The majority of modern single-view depth estimation methods predict relative depth and thus cannot be directly applied in many real-world scenarios, despite impressive performance in the benchmarks. Moreover, single-view approaches cannot guarantee consistency across a sequence of frames. Consistency is typically addressed with test-time optimization of discrepancy across views; however, it takes hours to process a single scene. In this paper, we present MEDeA, an efficient multi-view test-time depth adjustment method, that is an order of magnitude faster than existing test-time approaches. Given RGB frames with camera parameters, MEDeA predicts initial depth maps, adjusts them by optimizing local scaling coefficients, and outputs temporally-consistent depth maps. Contrary to test-time methods requiring normals, optical flow, or semantics estimation, MEDeA produces high-quality predictions with a depth estimation network solely. Our method sets a new state-of-the-art on TUM RGB-D, 7Scenes, and ScanNet benchmarks and successfully handles smartphone-captured data from ARKitScenes dataset.
Paper Structure (25 sections, 8 equations, 3 figures, 5 tables)

This paper contains 25 sections, 8 equations, 3 figures, 5 tables.

Figures (3)

  • Figure 1: Comparison of depth estimation errors and runtime on the TUM-RGBD dataset dehghan2021arkitscenes.

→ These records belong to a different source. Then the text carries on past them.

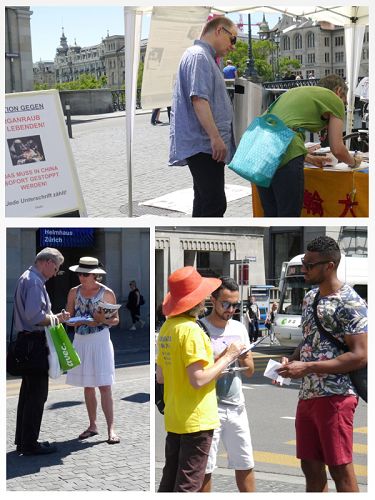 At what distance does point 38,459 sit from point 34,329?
0.75 meters

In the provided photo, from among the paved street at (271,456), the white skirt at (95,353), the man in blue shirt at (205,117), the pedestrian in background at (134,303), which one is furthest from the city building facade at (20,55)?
the pedestrian in background at (134,303)

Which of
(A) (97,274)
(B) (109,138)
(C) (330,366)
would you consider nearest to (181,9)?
(A) (97,274)

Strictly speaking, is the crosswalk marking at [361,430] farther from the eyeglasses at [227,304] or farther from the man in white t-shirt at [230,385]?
the eyeglasses at [227,304]

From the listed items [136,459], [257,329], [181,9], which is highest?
[181,9]

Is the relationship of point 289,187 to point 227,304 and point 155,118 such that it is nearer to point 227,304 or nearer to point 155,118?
point 227,304

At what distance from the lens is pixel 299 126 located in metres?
5.18

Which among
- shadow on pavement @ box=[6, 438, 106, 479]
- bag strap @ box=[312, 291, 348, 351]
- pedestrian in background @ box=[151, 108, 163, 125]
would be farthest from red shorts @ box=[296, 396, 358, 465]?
pedestrian in background @ box=[151, 108, 163, 125]

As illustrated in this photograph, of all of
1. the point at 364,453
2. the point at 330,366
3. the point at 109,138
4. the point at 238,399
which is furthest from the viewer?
the point at 109,138

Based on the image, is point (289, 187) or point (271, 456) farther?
point (289, 187)

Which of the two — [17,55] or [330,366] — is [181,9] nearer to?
[330,366]

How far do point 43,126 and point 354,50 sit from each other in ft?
16.5

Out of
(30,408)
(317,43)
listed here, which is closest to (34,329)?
(30,408)

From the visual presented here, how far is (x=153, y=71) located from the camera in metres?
7.15

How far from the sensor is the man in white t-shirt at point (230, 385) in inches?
167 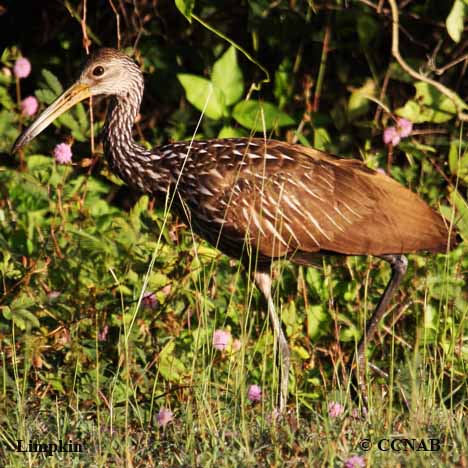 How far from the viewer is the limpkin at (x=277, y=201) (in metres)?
4.81

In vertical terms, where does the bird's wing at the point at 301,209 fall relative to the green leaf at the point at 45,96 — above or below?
below

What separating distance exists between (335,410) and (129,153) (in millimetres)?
1704

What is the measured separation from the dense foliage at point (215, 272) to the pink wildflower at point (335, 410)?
0.03 meters

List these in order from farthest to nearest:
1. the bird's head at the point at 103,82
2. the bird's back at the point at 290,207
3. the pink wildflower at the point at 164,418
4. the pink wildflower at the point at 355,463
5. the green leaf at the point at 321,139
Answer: the green leaf at the point at 321,139 → the bird's head at the point at 103,82 → the bird's back at the point at 290,207 → the pink wildflower at the point at 164,418 → the pink wildflower at the point at 355,463

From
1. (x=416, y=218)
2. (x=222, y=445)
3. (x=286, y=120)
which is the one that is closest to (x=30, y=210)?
(x=286, y=120)

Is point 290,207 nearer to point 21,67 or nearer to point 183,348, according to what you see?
point 183,348

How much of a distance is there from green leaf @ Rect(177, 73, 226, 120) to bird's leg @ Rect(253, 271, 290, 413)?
97 centimetres

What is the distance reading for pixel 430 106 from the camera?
232 inches

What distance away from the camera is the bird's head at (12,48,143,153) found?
507cm

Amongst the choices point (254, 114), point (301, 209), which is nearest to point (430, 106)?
point (254, 114)

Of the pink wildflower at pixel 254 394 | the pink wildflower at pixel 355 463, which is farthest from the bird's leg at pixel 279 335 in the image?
the pink wildflower at pixel 355 463

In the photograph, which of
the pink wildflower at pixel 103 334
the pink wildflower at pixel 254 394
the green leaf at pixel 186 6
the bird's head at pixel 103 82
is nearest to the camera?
the pink wildflower at pixel 254 394

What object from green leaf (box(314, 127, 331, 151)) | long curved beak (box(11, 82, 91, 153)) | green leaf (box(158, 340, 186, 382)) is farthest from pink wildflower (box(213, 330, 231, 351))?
green leaf (box(314, 127, 331, 151))

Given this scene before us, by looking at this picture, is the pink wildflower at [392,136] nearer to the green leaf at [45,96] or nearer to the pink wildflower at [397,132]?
the pink wildflower at [397,132] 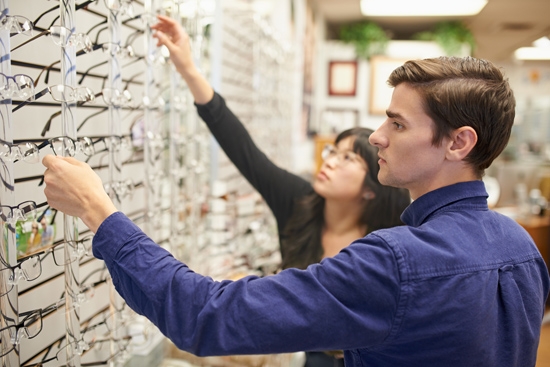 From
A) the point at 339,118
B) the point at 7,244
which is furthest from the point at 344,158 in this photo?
the point at 339,118

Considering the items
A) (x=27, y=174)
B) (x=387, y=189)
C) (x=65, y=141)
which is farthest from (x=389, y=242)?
(x=387, y=189)

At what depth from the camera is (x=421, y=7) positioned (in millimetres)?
7293

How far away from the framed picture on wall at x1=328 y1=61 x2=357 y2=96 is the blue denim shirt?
26.6 feet

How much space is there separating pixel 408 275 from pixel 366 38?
8.13 m

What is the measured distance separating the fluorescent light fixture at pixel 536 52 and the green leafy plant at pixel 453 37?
49.7 inches

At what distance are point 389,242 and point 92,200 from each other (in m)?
0.63

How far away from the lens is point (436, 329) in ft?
3.22

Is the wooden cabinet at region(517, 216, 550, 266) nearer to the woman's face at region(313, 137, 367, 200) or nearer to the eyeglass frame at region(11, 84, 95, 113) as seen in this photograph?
the woman's face at region(313, 137, 367, 200)

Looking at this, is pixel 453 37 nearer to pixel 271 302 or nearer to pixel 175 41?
pixel 175 41

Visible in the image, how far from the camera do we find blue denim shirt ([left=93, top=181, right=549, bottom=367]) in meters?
0.96

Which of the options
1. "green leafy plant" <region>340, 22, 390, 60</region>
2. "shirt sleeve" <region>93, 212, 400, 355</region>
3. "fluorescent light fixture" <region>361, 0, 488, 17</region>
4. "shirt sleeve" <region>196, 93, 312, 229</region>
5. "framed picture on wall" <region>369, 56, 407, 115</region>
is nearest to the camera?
"shirt sleeve" <region>93, 212, 400, 355</region>

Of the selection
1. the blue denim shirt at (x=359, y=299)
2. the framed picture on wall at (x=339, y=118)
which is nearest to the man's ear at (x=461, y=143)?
the blue denim shirt at (x=359, y=299)

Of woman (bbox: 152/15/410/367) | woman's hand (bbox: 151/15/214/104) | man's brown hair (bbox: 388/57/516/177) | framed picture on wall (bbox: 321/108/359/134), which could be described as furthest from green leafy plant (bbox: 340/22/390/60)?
man's brown hair (bbox: 388/57/516/177)

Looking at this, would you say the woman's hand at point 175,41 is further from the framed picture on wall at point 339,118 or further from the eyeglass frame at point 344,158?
the framed picture on wall at point 339,118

The proposed MEDeA surpasses existing test-time optimization methods CVD luo2020cvd, RobustCVD kopf2021rcvd, and GCVD lee2022gcvd) in both accuracy and speed. Our flagship MEDeA-M model outperforms competitors by a huge margin, and even our fast MEDeA-S delivers higher quality than existing approaches with a 25x speed up. Seconds per frame are in logarithmic scale for visibility.

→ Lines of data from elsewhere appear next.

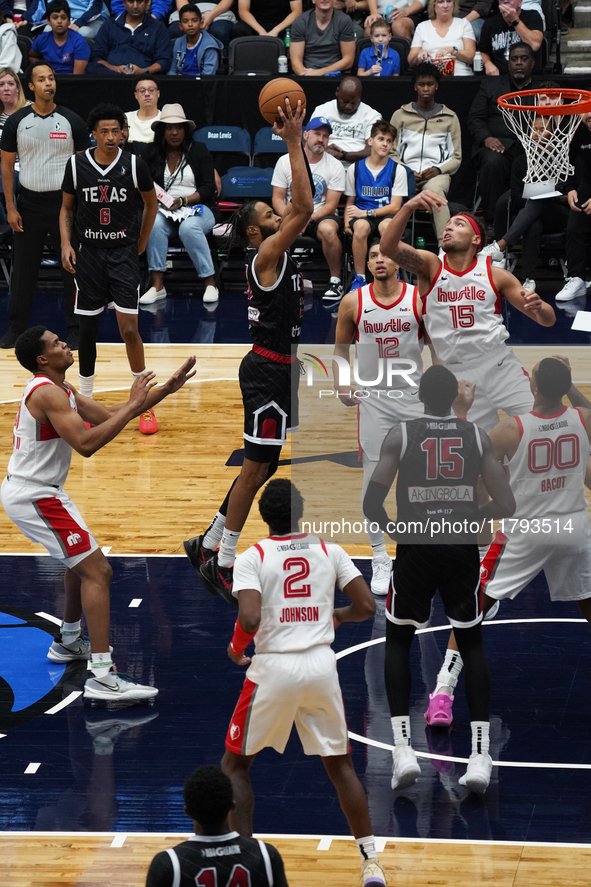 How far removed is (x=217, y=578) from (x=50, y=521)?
4.23 ft

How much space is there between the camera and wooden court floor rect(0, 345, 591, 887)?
4.01 meters

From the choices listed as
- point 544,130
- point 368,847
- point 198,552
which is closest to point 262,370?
point 198,552

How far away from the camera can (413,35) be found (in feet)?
45.0

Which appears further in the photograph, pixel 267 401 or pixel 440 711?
pixel 267 401

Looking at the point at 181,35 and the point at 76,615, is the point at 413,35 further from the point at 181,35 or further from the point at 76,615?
the point at 76,615

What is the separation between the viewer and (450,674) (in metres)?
5.09

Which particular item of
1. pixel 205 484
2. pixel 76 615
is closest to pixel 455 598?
pixel 76 615

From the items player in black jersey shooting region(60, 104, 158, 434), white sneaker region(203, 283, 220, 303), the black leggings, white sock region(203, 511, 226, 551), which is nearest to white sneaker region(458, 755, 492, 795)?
the black leggings

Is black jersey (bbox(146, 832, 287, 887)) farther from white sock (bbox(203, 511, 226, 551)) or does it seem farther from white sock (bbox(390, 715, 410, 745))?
white sock (bbox(203, 511, 226, 551))

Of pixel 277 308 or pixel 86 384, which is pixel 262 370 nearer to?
pixel 277 308

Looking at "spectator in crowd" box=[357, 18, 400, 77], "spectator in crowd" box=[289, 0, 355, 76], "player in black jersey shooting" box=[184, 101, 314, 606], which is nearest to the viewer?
"player in black jersey shooting" box=[184, 101, 314, 606]

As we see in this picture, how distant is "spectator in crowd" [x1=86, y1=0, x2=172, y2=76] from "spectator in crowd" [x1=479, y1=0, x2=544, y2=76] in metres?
3.81

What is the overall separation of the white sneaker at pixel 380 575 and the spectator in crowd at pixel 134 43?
8966mm

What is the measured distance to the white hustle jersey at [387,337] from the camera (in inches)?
245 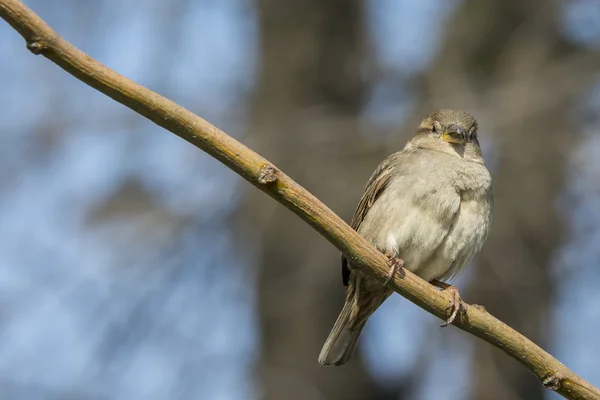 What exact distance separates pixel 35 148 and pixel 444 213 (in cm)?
370

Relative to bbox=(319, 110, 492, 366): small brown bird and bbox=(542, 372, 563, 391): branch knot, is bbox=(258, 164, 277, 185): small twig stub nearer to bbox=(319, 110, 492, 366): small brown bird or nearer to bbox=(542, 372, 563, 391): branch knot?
bbox=(542, 372, 563, 391): branch knot

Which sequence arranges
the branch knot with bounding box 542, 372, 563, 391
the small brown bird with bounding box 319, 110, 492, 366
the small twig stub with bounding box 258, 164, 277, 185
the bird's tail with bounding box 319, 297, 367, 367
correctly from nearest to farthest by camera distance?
the small twig stub with bounding box 258, 164, 277, 185 < the branch knot with bounding box 542, 372, 563, 391 < the small brown bird with bounding box 319, 110, 492, 366 < the bird's tail with bounding box 319, 297, 367, 367

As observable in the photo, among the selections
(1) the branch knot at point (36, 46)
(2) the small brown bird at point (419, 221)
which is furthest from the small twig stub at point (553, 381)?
(1) the branch knot at point (36, 46)

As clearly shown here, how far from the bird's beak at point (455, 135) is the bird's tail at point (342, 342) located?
1.01 metres

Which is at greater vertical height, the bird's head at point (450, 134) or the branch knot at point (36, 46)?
the bird's head at point (450, 134)

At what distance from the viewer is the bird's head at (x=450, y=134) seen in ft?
18.2

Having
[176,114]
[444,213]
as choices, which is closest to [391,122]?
[444,213]

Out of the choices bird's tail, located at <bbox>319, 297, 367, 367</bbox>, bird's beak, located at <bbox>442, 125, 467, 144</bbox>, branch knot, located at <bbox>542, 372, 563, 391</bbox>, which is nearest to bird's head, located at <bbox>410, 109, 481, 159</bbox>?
bird's beak, located at <bbox>442, 125, 467, 144</bbox>

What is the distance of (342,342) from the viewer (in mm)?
5285

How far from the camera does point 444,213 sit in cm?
504

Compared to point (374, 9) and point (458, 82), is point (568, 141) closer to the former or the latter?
point (458, 82)

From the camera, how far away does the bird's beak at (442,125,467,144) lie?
18.3 ft

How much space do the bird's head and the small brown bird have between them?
0.03 meters

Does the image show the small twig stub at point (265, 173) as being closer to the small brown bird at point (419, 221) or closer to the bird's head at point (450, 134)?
the small brown bird at point (419, 221) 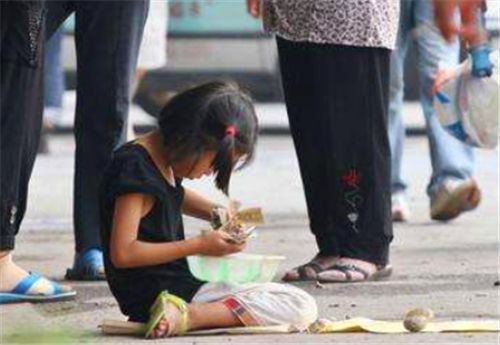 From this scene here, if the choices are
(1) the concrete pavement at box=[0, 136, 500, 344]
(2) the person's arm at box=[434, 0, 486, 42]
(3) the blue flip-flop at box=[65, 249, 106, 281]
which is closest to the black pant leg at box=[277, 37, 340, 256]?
(1) the concrete pavement at box=[0, 136, 500, 344]

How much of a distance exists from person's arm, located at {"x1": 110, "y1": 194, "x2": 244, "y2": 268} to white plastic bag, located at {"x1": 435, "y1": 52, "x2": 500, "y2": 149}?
7.03 ft

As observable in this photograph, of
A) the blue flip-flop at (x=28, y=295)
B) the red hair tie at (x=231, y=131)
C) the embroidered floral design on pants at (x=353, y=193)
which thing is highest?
the red hair tie at (x=231, y=131)

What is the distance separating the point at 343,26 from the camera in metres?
5.77

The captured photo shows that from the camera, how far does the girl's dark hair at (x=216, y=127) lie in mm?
4637

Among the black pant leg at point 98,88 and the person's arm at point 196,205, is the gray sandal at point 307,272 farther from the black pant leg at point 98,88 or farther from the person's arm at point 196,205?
the person's arm at point 196,205

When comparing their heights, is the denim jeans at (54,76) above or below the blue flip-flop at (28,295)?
below

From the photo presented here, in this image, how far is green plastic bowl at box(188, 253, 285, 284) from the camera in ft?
15.3

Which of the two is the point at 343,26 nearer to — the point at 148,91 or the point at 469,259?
the point at 469,259

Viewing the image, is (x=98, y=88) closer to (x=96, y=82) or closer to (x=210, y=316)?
(x=96, y=82)

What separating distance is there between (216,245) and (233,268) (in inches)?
5.2

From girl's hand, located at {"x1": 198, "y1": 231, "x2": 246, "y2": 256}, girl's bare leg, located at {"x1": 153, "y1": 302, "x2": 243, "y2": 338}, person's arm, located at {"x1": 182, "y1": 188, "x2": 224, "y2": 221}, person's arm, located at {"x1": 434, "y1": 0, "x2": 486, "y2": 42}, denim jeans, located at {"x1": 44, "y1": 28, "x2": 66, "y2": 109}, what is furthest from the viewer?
denim jeans, located at {"x1": 44, "y1": 28, "x2": 66, "y2": 109}

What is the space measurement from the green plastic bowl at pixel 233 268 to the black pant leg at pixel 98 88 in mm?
1273

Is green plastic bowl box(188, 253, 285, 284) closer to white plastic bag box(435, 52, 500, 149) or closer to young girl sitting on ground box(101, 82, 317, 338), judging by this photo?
young girl sitting on ground box(101, 82, 317, 338)

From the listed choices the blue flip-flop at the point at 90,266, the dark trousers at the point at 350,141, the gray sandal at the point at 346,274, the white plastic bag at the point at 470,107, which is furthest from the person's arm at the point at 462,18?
the blue flip-flop at the point at 90,266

  • Figure 2: Overview of MEDeA. MEDeA relies on a depth estimation model that outputs either metric or up-to-scale depth maps $D^0$. In our depth deformation model, a depth map $D$ is estimated as an initial depth map $D^0$ multiplied by a depth scale map $S$: $D = D^0 \odot S$. At each iteration, a pair of RGB-D frames with indices $(i, j)$ is selected, and $S_i,\ S_j$ are adjusted. Using the current estimate of $D_i$, MEDeA reprojects an image $I_j$, a depth map $D_j$, and a feature map $F_j$ onto the $i$-th viewpoint, and penalizes the divergence of the reprojected $\{ I_{j\rightarrow i}, D_{j\rightarrow i}, F_{j\rightarrow i}\}$ and the original $\{ I_i, D_i, F_i \}$ values. Depth scale maps $S_i,\ S_j$ are optimized via backpropagation. As a result, MEDeA provides consistent depth maps $D_i,\ D_j$.

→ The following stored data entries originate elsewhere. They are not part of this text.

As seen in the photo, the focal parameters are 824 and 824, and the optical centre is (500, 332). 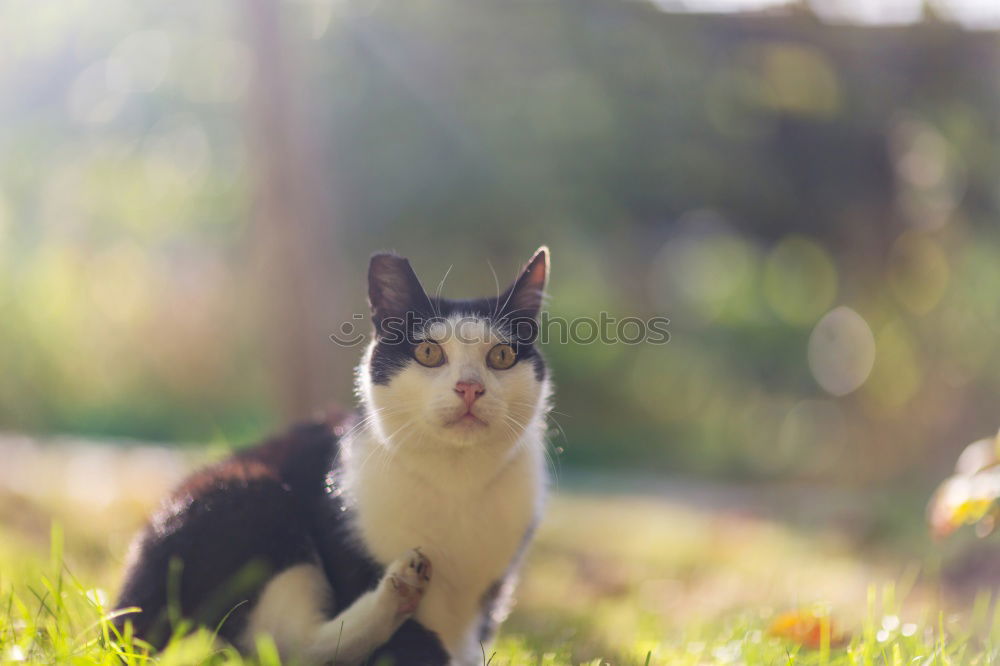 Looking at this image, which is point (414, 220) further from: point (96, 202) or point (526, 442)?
point (526, 442)

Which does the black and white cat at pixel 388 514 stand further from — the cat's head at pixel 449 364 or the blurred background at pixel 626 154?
the blurred background at pixel 626 154

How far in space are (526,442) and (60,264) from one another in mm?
7496

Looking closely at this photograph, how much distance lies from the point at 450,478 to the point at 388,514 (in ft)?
0.59

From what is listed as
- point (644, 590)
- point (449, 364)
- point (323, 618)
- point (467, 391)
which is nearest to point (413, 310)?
point (449, 364)

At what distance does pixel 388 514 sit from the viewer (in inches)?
81.4

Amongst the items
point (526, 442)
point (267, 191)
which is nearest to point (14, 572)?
point (526, 442)

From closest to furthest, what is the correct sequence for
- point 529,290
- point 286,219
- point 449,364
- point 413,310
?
point 449,364 → point 413,310 → point 529,290 → point 286,219

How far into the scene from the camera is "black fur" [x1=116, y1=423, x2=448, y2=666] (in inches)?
76.7

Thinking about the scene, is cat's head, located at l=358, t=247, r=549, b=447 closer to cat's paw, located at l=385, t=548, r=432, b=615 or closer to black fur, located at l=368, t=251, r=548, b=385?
black fur, located at l=368, t=251, r=548, b=385

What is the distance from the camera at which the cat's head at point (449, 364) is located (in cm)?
203

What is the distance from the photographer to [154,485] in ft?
14.6

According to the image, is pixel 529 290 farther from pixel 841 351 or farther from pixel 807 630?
pixel 841 351

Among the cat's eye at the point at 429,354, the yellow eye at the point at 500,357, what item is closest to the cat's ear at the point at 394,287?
the cat's eye at the point at 429,354

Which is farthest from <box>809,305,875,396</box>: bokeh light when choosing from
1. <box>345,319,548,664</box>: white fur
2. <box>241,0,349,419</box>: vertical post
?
<box>345,319,548,664</box>: white fur
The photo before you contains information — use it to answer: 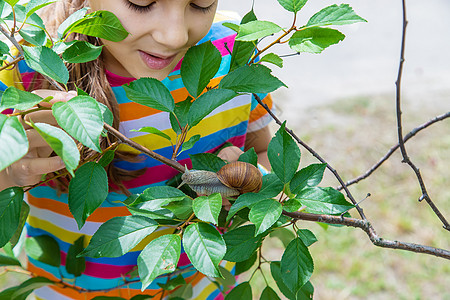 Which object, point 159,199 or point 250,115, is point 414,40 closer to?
point 250,115

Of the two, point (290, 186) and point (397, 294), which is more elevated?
point (290, 186)

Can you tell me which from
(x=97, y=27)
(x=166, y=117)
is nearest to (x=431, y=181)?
(x=166, y=117)

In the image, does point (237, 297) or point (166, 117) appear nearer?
point (237, 297)

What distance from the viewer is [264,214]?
580 mm

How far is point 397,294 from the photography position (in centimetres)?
185

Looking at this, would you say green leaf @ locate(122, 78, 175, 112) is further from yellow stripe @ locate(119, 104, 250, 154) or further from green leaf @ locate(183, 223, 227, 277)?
yellow stripe @ locate(119, 104, 250, 154)

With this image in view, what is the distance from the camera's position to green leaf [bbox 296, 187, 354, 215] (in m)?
0.60

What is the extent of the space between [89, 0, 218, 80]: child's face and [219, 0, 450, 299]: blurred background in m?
0.37

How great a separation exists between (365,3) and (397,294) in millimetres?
2423

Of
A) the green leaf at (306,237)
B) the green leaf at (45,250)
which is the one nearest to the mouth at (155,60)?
the green leaf at (306,237)

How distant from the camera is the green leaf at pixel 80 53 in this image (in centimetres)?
62

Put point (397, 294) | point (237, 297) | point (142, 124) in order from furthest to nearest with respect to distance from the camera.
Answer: point (397, 294) → point (142, 124) → point (237, 297)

  • Figure 3: ARKitScenes (top) and TUM RGB-D (bottom) scenes, reconstructed using depth maps produced by different test-time optimization methods, including MEDeA. For a fair comparison, we do not use ground truth camera poses but estimate them with DROID-SLAM teed2021droidslam. Obviously, other methods struggle to restore a general scene structure, while MEDeA provides well-aligned scans with fewer visual artifacts.